[TASK INSTRUCTIONS]: Omit all pictures and transcribe only the lines in the entries below that run from the line with "SORBUS Woven 3-Piece" through the line with "Pim + Larkin".

[MATERIAL PROVIDED]:

——

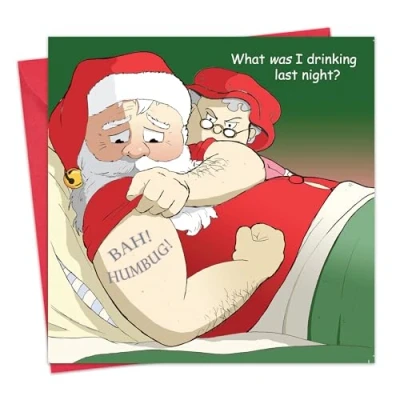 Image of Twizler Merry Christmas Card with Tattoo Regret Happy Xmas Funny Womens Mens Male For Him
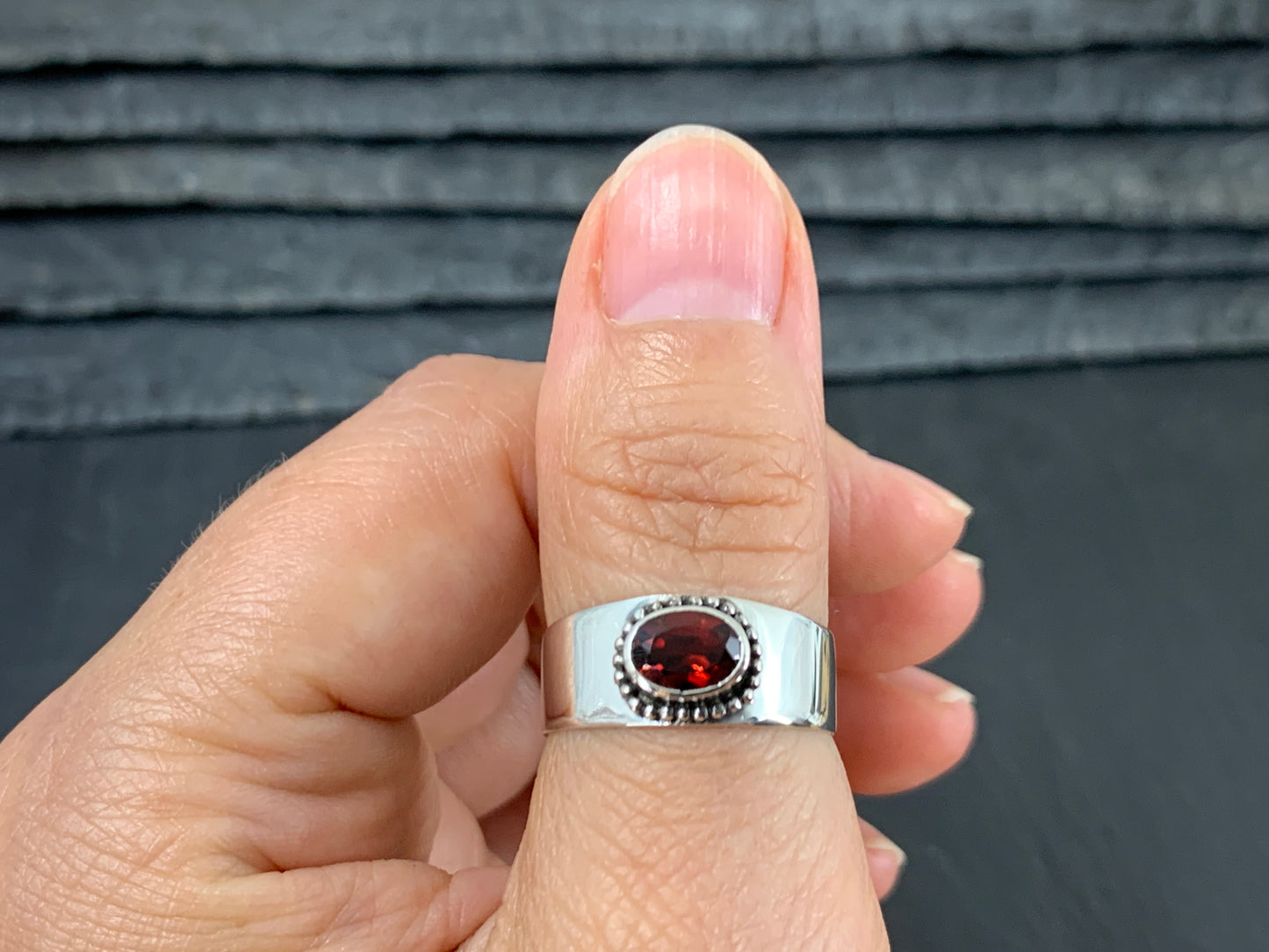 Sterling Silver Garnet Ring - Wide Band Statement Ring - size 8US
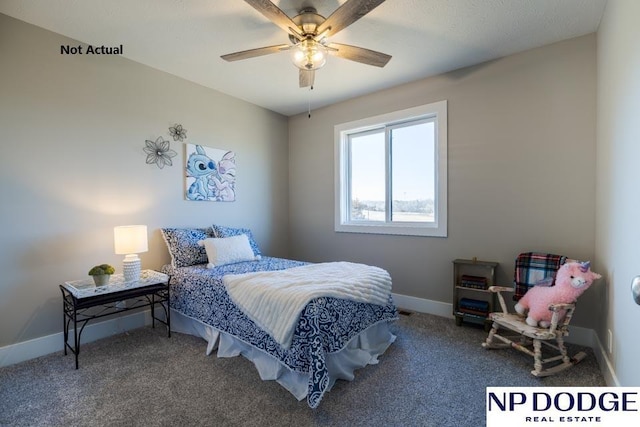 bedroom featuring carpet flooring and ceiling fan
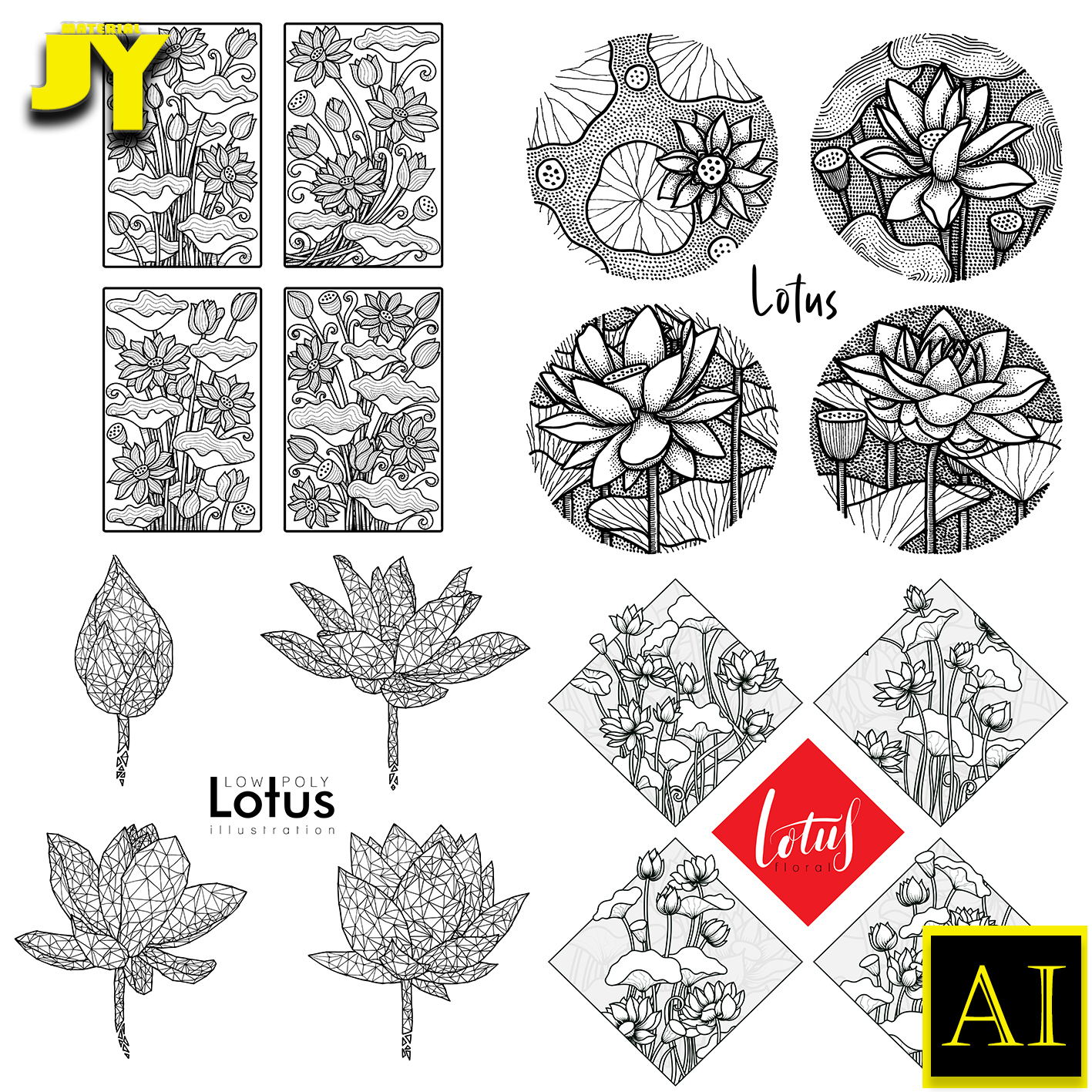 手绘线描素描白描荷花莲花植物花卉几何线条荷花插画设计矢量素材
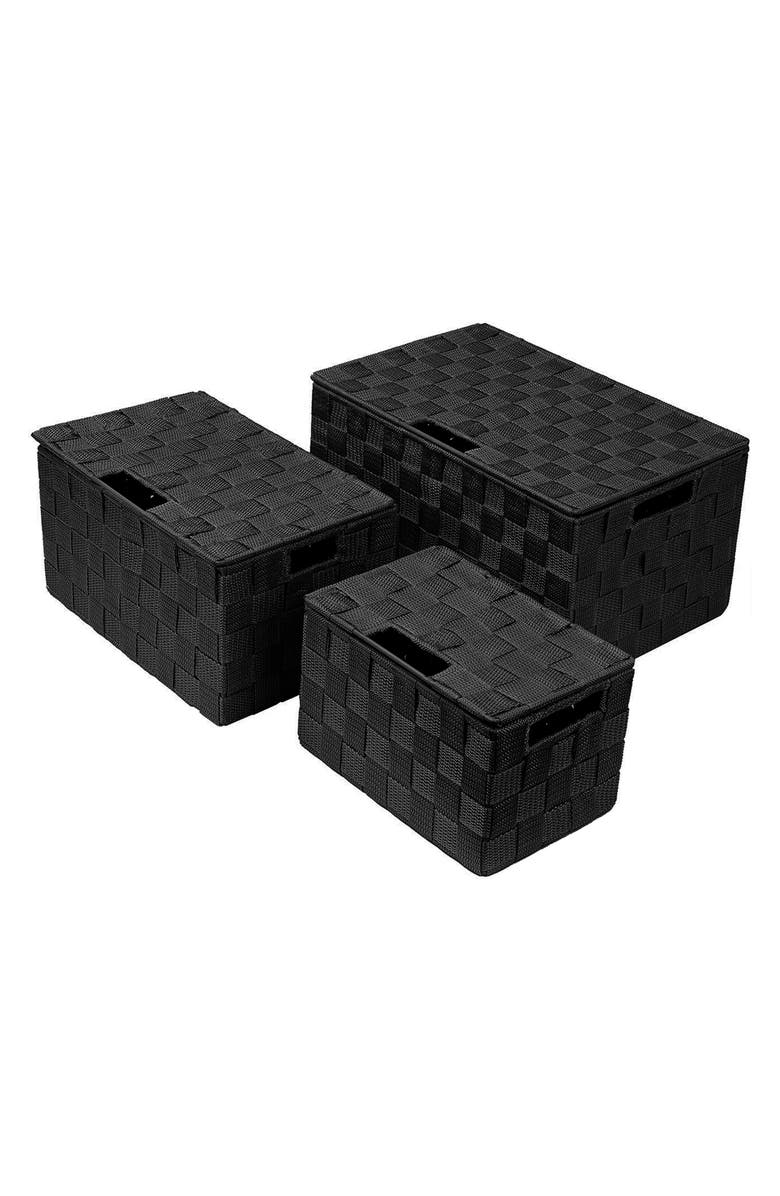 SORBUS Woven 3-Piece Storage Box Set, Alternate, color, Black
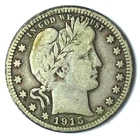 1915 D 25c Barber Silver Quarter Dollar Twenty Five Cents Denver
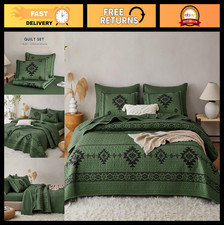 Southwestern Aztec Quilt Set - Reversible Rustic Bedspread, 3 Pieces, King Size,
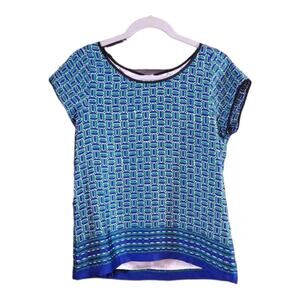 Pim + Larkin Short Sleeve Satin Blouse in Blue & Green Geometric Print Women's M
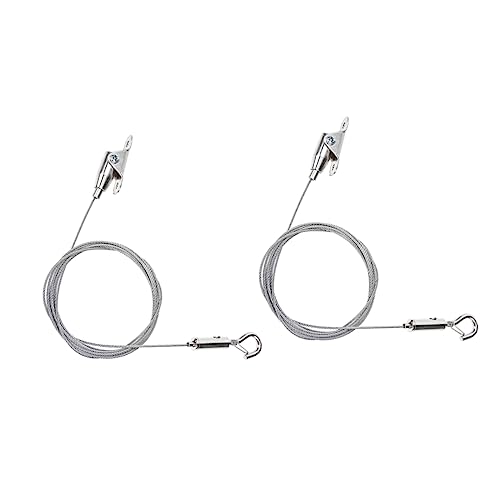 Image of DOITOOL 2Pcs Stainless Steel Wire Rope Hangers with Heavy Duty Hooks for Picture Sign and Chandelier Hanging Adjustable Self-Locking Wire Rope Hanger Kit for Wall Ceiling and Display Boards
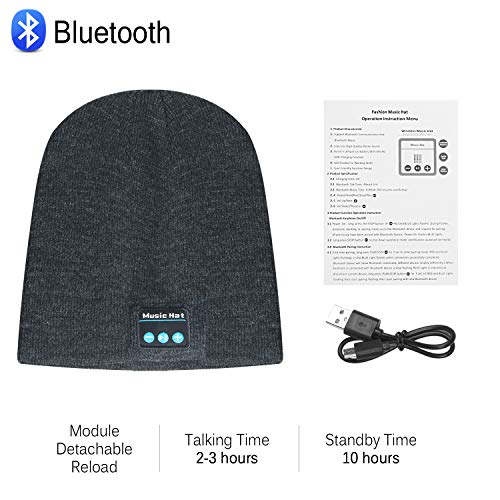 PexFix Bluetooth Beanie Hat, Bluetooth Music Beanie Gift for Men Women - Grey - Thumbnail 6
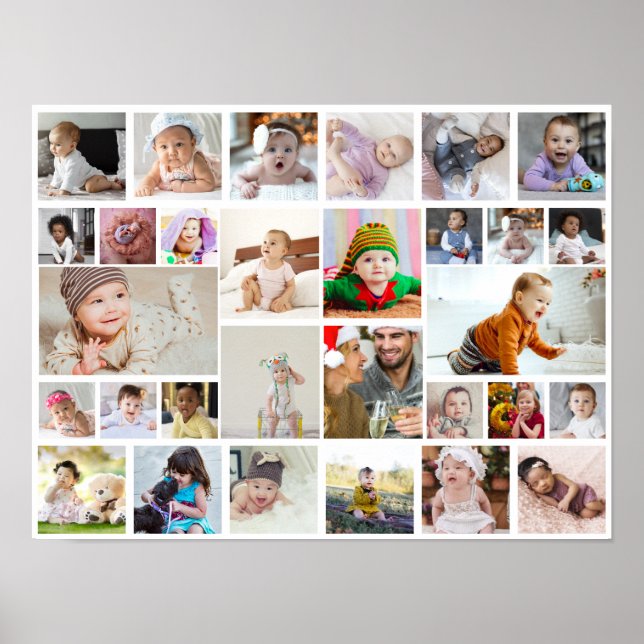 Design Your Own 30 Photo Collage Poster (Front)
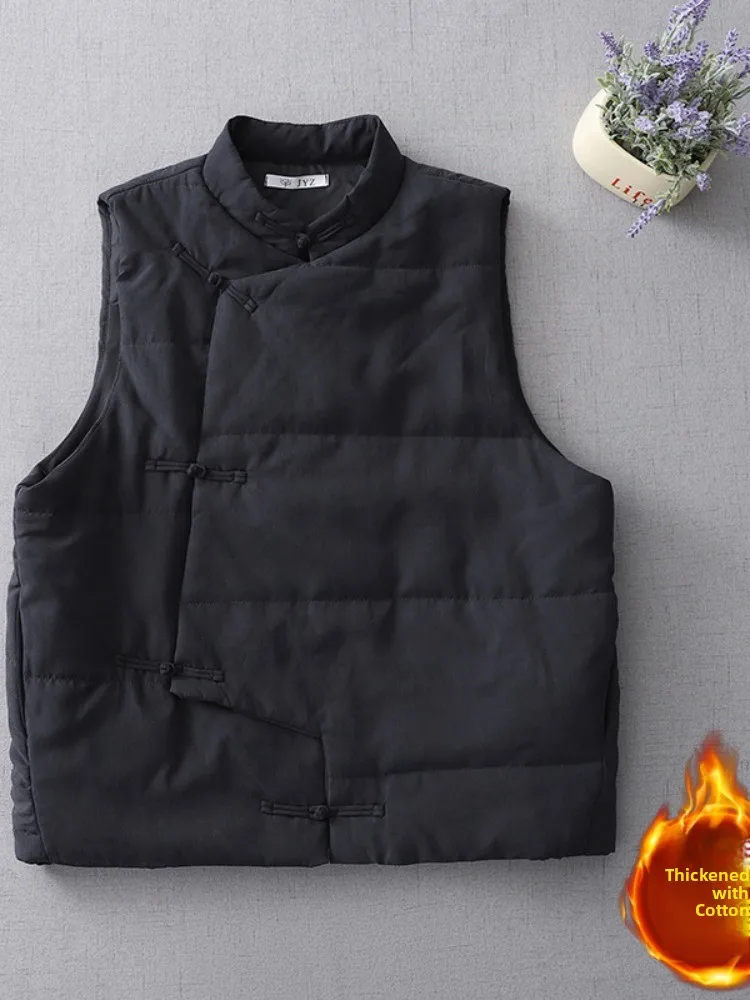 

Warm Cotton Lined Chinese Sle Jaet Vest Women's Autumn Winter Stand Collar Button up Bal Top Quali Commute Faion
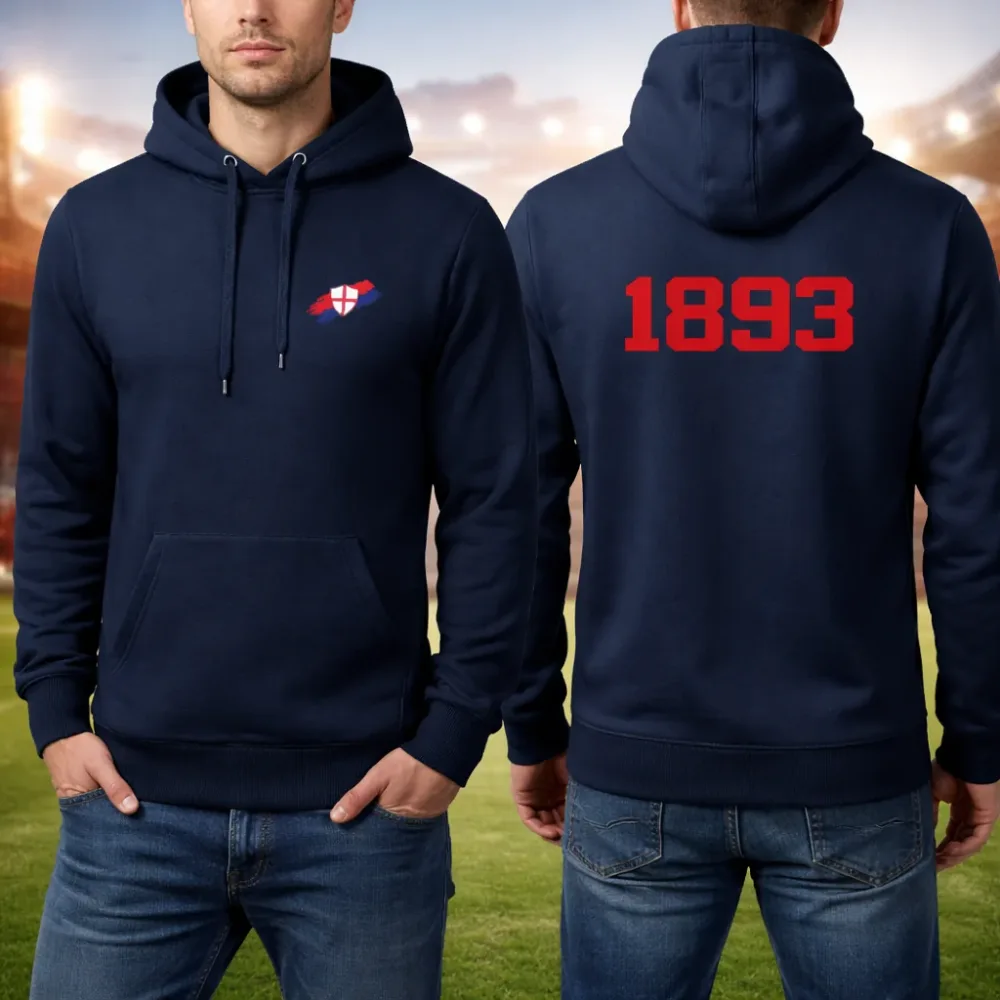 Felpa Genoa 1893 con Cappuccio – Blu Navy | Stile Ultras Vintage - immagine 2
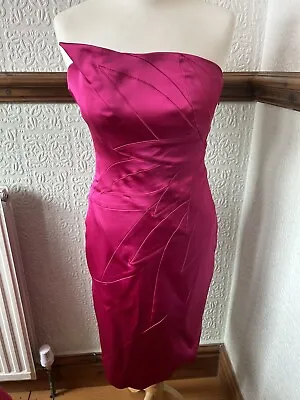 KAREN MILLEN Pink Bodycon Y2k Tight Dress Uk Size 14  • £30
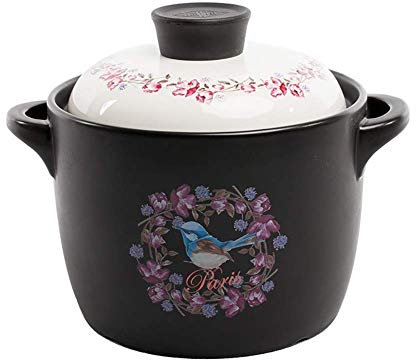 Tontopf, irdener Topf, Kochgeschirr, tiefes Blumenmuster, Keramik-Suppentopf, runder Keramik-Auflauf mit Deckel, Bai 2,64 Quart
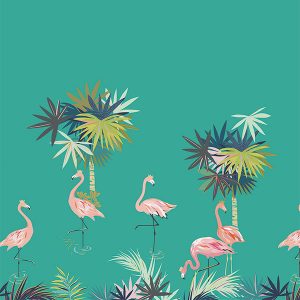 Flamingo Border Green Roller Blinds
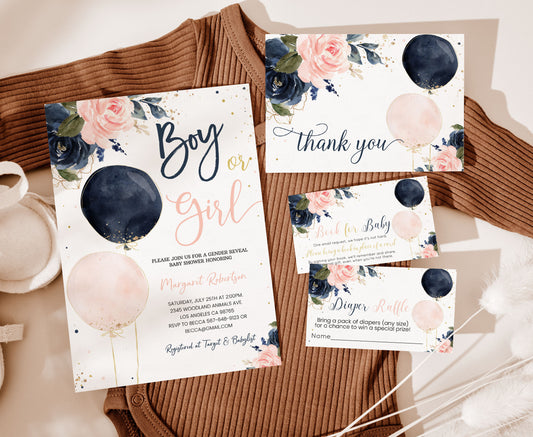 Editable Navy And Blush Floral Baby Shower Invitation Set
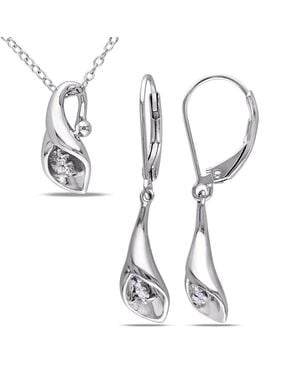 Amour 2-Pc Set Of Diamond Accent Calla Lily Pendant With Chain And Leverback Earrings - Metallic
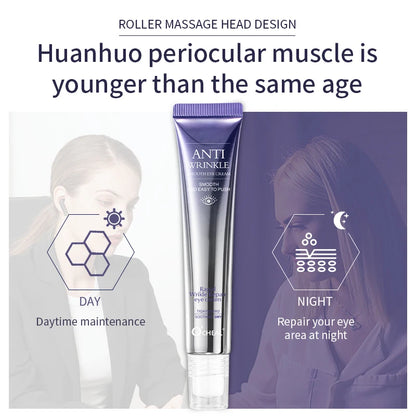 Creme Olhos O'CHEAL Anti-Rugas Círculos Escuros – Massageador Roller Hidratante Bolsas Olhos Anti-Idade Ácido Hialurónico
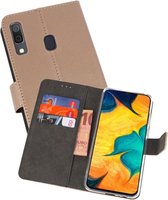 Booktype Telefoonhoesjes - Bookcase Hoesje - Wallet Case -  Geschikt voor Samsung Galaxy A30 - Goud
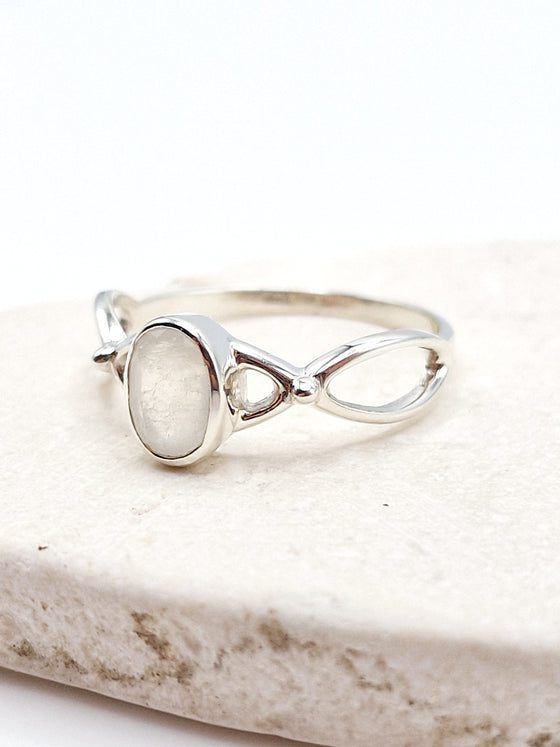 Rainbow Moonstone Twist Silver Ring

——

[RESULT FOR THIS EXERCISE]:
 SORBUS Woven 3-Piece Storage Box Set, Alternate, color, Black
 1915 D 25c Barber Silver Quarter Dollar Twenty Five Cents Denver
 Southwestern Aztec Quilt Set - Reversible Rustic Bedspread, 3 Pieces, King Size,
 Pim + Larkin Short Sleeve Satin Blouse in Blue & Green Geometric Print Women's M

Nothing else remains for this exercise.